It seems that my use of the word "parenting" has caused a little *ahem* disagreement among a few people. I wasn't really asking about "parenting" a stranger's child as much as how to deal with misbehaving children. I personally don't think basic rules of civilized society are only to be taught to children by their parents - though it is nice when parents make the effort. I would say it falls under the parents job description, but I don't think a stranger is overstepping their bounds by reminding a child when they interact with them.
Of course parenting is for parents - hence the name. But I would suggest that while only parents (or guardians to be PC I guess) can parent (if you define parenting as discipline/control/ethically guide etc.), a child can learn from anyone.
IMHO that is where the idea or perhaps the real spirit of "it takes a village" comes from - a child learns how to get along in the big outside world by going out in it and interacting with the other people they have to share it with.
I understand where you are coming from and agree that children can and should learn from everyone.

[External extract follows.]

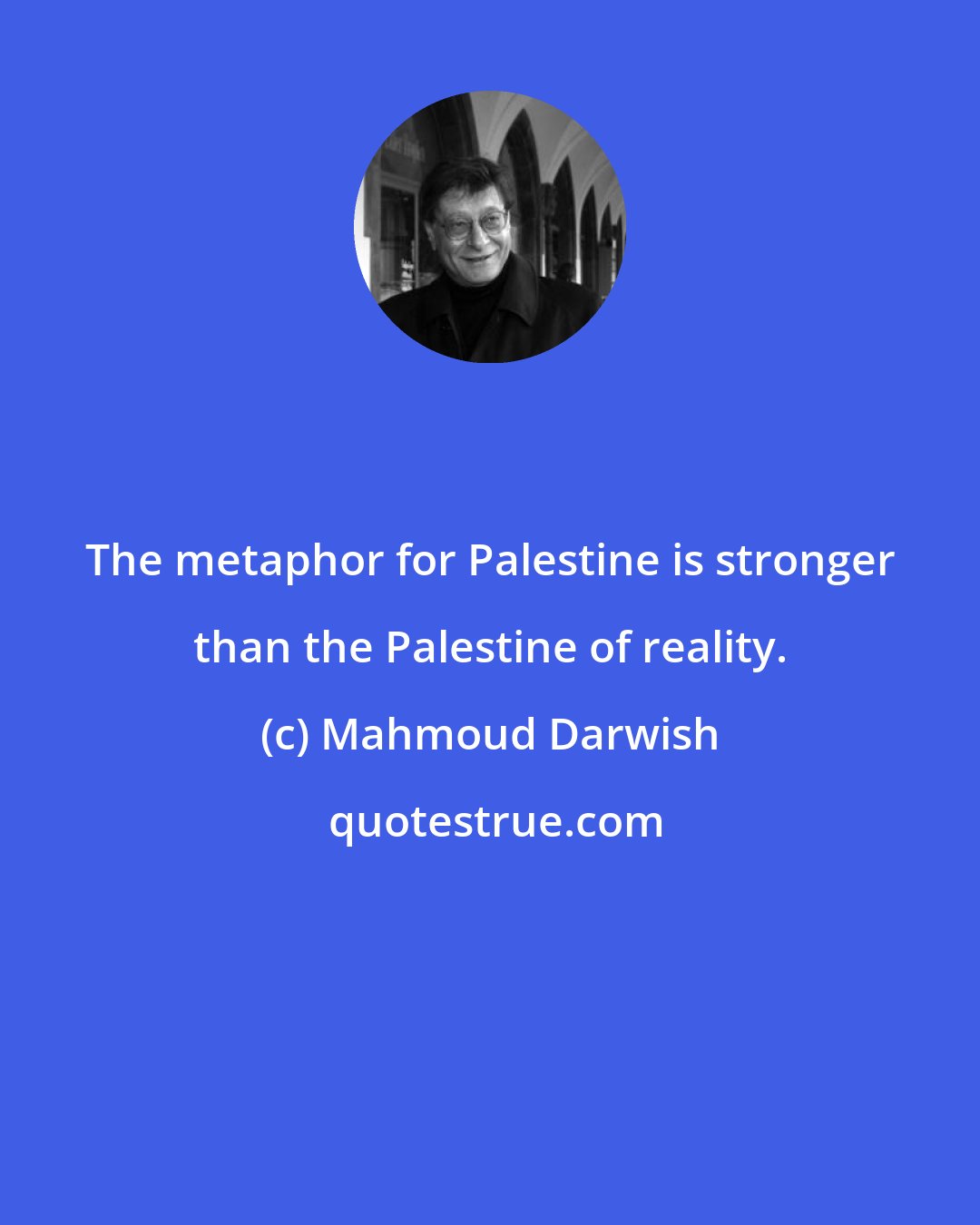 Mahmoud Darwish: The metaphor for Palestine is stronger than the Palestine of reality.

But, it may be a small distinction, but it is a distinction. A stranger is overstepping when they choose to teach manners to a child that is neither their own (or they are responsibile for) or is not directly interferring/affecting their or their children's lives.
For instance, I would tell a child not to shove on the slide, run out in traffic, not to throw things, or to be careful if they accidently bumb into me. If it's safety related, or interfering with me and/or my child, then it is my place to say something. I would treat an adult the same.

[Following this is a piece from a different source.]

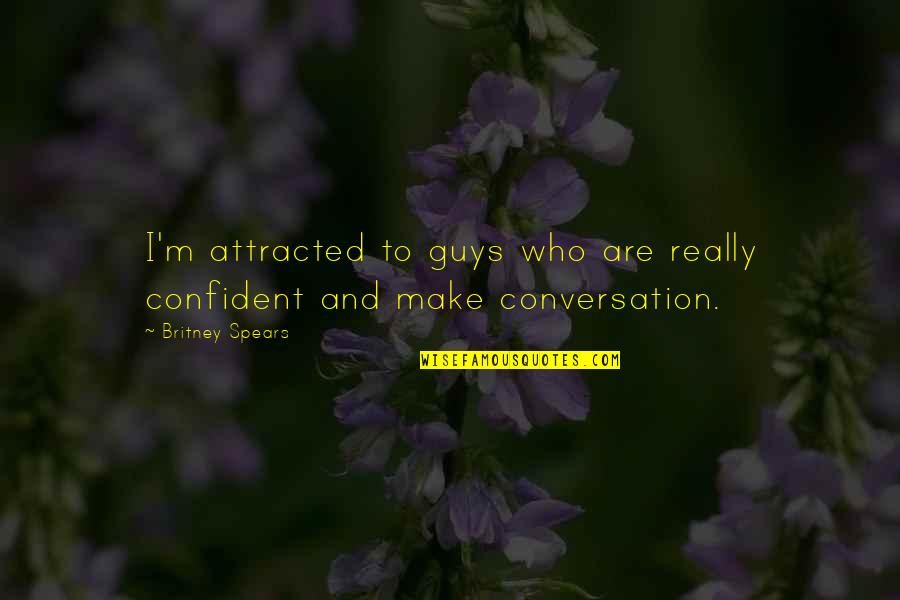 Britney's Quotes By Britney Spears: I'm attracted to guys who are really confident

But, I would not tell a random child not to pick their nose, chew with their mouth closed, keep their elbows off the table, share their toys, pull up their pants, or stay near their parents in a crowded shopping center....all things that I would and do tell my own daughter every day. Just like I don't tell adults not to talk on their cell phones when checking out, not to cut in lines that I'm not in, not to check emails during meetings I'm not running, to wear properly fitting clothes or any of the myriad of behaviors that make me inwardly cringe.
It is not our place to be the manner police and as hard as it may be to watch a parent sit idly by and let their kids grow into the adults we all hate to interact with, it is just as rude (if not more) to insert authority where we have none.
Yet, I do agree that children should learn from those around them. Which is exactly why we, as responsible adults, neet to "lead by example." I even agree with the "it takes a village" sentiment, but as a parent, I get to decide who that village is. And it absolutely does not consist of strangers inserting themselves into our lives and telling my child what to do or not to do (with the exceptions I've mentioned).